I am 14 as well, but living with open parents.  They think it's weird that I like dressing up as an animal and would willingly walk out of the house in costume.  But they're proud that I can build things such as fursuits on my own.  So.... it's a 15/85 split with me: Some doubt and disdain, but mainly not caring.


----------



## Zhael (Sep 7, 2009)

You're fourteen.  If your family isn't okay with it, wait until you're 18 and can do whatever the hell you want.

My mom, however, offered to buy mine... until she saw the price


----------



## foXX (Sep 7, 2009)

Glitch said:


> It all depends on how your family is.  Granted, I don't know how it is in Finland, but there are religious nuts that hate furs here.  They'd drive you crazy if you were to wear a fursuit... well, that isn't a positive sign.  My first reaction is to not tell them at all.
> 
> If you were to get your family - should they find out - to understand the fandom with all aspects included (save for yiff or the sick minorities that the outside world sees as furries).
> 
> I am 14 as well, but living with open parents.  They think it's weird that I like dressing up as an animal and would willingly walk out of the house in costume.  But they're proud that I can build things such as fursuits on my own.  So.... it's a 15/85 split with me: Some doubt and disdain, but mainly not caring.

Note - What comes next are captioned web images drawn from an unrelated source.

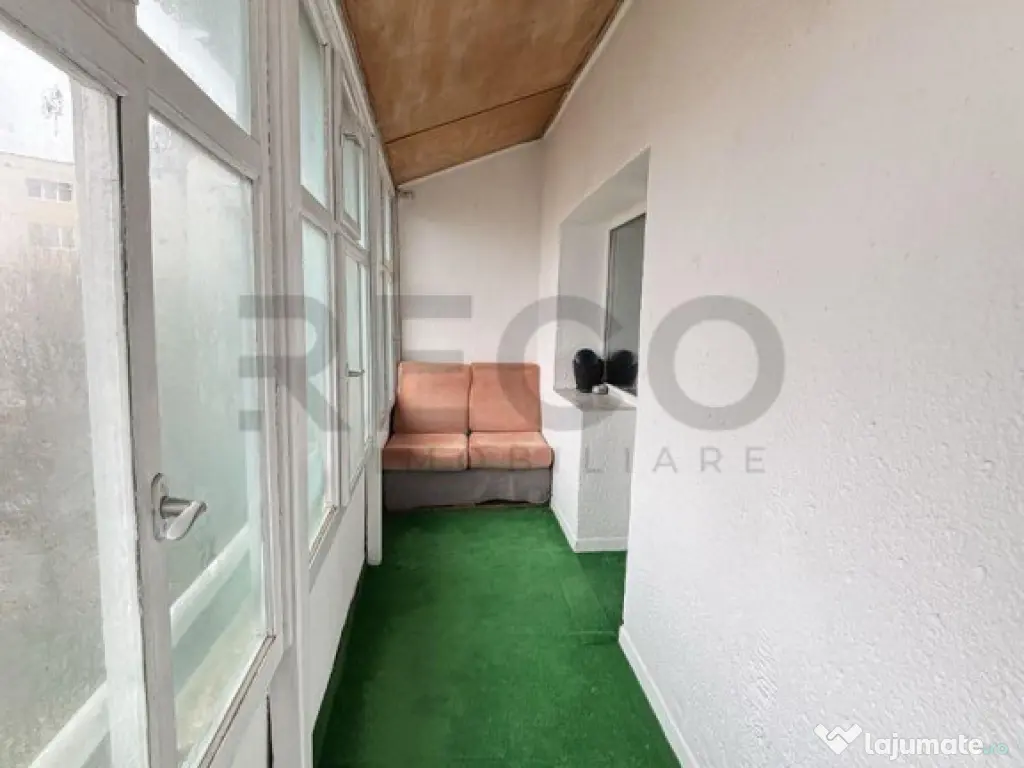 Vand apartament Apartament cu 2 camere de - Centru, Zalau ( 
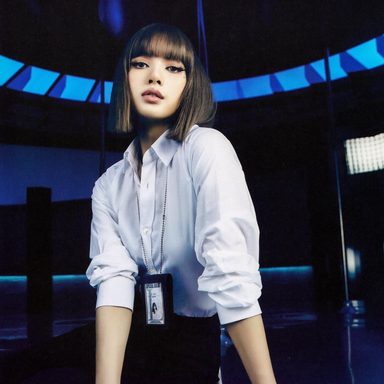 LISA (BLACKPINK) photo 55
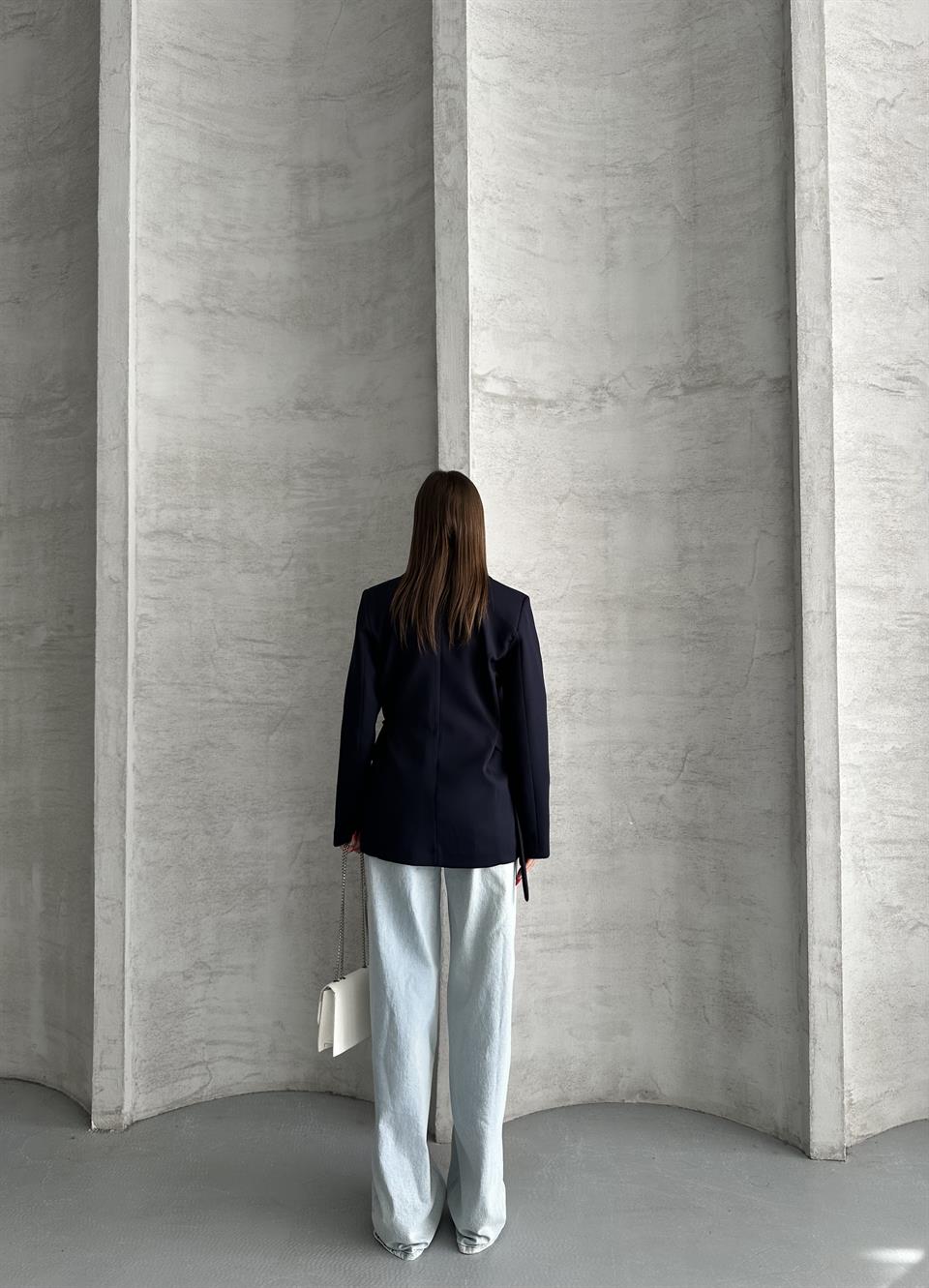Yandan Kuşaklı Lacivert Blazer Ceket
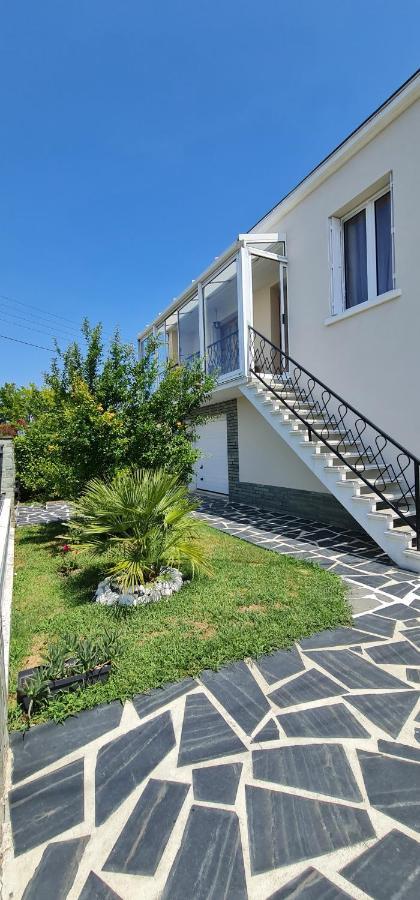 Belle Maison Avec Jardin Rdc T3 De 70M2 Vacances Ou Cure Thermale Rochefort Eksteriør bilde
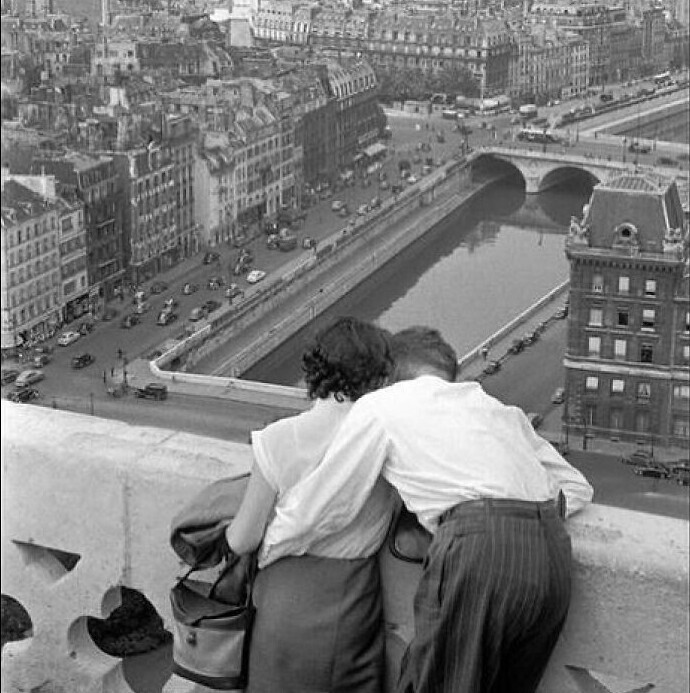 Париж с вершины собора Нотр-Дам-де-Пари, 1955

people mainly dont know what the whole furry thing is, or i dont know 
except few my friends and they wont be my friends if i tel them. I dont know am i ready to tel my parents. I think they can find it out themself .
but thanks for advices ^^.


----------



## foXX (Sep 7, 2009)

WolvenZhael said:


> You're fourteen.  If your family isn't okay with it, wait until you're 18 and can do whatever the hell you want.
> 
> My mom, however, offered to buy mine... until she saw the price



That's the one way but i think i cant wait that long.


----------



## Ilayas (Sep 7, 2009)

foXX said:


> That's the one way but i think i cant wait that long.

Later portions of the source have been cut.